Belarusian sovereignty springs a leak as United Russia marches to victory
Russian-Belarusian relations have been dominated by the prospects for the integration process, with the customs services of both countries announcing a large package of detailed proposals. Meanwhile, Lukashenka tries to characterise the threats he perceives from NATO countries as common to the entire CSTO, as the Kremlin works to force voter turnout in the State Duma elections to ensure a “deafening” victory for the ruling party.
Last week almost all notable experts and commentators focussed on the analysis of the 28 part integration plan. Several conferences were held in Belarus, Russia and Ukraine, including one under the auspices of Belarus in Focus, the Press Club and the Belarusian Institute for Strategic Studies. As a result, the public heard a wide range of predictions regarding the future of Russian-Belarusian relations – from opinions about serious compromises of Belarus’ sovereignty to forecasts of a sharp decline in integration enthusiasm after the elections to the State Duma of the Russian Federation.
The most significant concrete step towards integration was submitted by the customs services of Belarus and Russia. At the XII International Scientific and Practical Conference “30 years of the Customs Service of independent Belarus: with the experience of the past to the synergy of the future”, it was stated that the customs departments are preparing a large package of documents on integration. Vladimir Ivin, deputy head of the Federal Customs Service of the Russian Federation, stated that “When these documents come into force, we will not just be interacting in a coordinated manner, but also moving towards an integrated, and in some cases unified application of customs administration.”
On September 16th, Alexander Lukashenka took part in the CSTO Summit in Dushanbe, where (in the absence of Vladimir Putin) he alleged in an emotional speech that NATO exercises near the Belarusian border create the risk of military provocations and incidents. While the planned “West-2021” exercises are “exclusively defensive in nature”, – Poland and Ukraine stubbornly talk about imaginary threats to their security. Afghanistan was also mentioned – as a secondary priority problem.
Two days earlier, during a state awards ceremony, Lukashenka criticised Russian artists who stopped performing in Belarus. “They’re not artists. They’re not creatives. It is not even cowardice. They are traitors,” he said. He did not name anyone specifically but clarified that he meant those “greats” who had asked him to help organise concerts.

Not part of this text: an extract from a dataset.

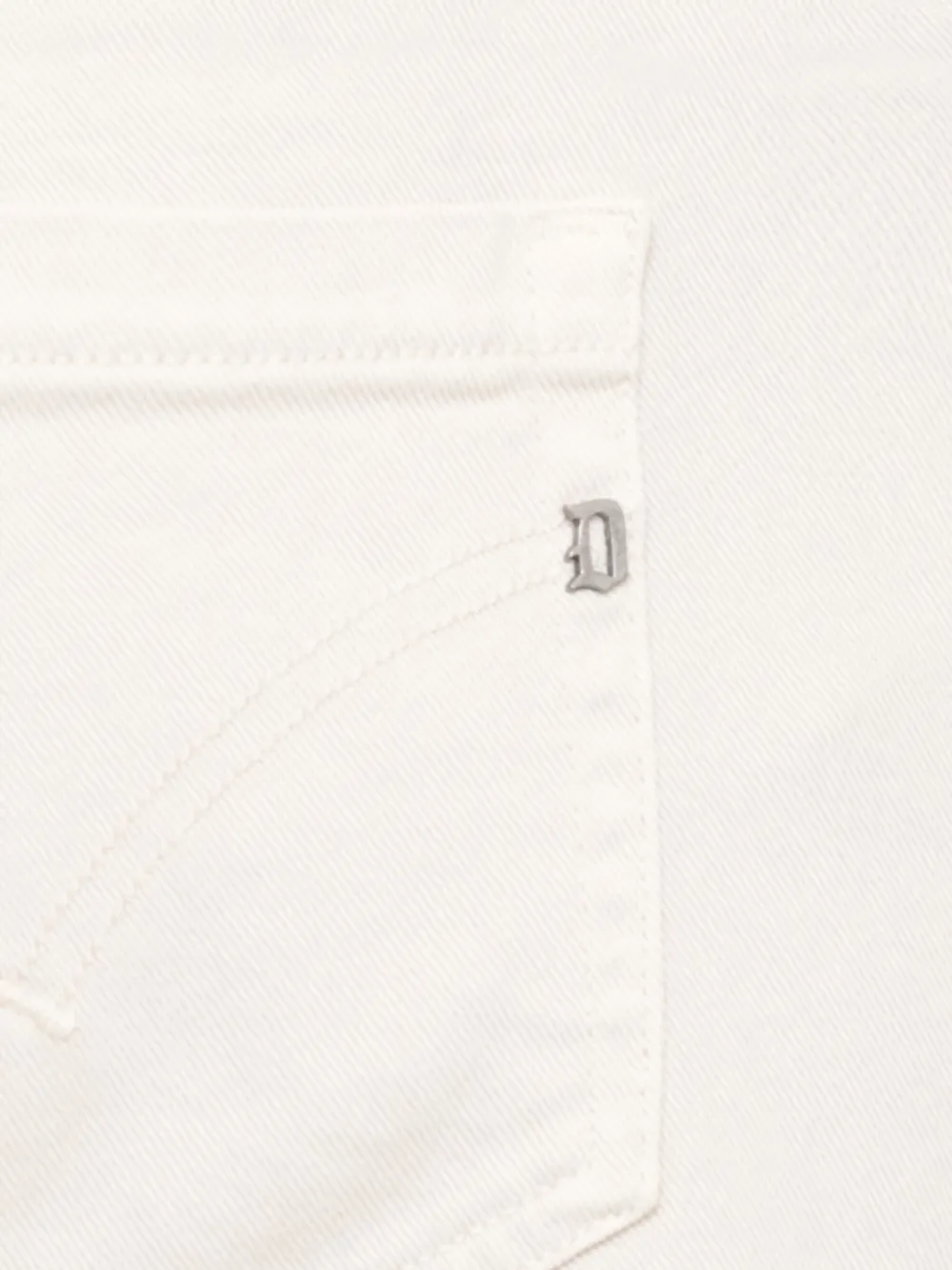 Dondup Straight Trousers With Rolled Cuffs And Pockets In Neutral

On September 17th, the 3-day State Duma elections commenced in Russia. According to the CEC, the total turnout by 20:00 Moscow time on September 18th exceeded 31.5% (excluding remote electronic voting data). If more than a third of all voters voted before the primary election day, experts conclude that turnout for the previous elections (48%) will be exceeded. It follows that the Kremlin is orchestrating high turnout to ensure that United Russia does not just win but delivers a resounding victory. If this observation is correct, then it would appear that the Russian ruling class perceived the experience of Lukashenka in August 2020 as entirely positive.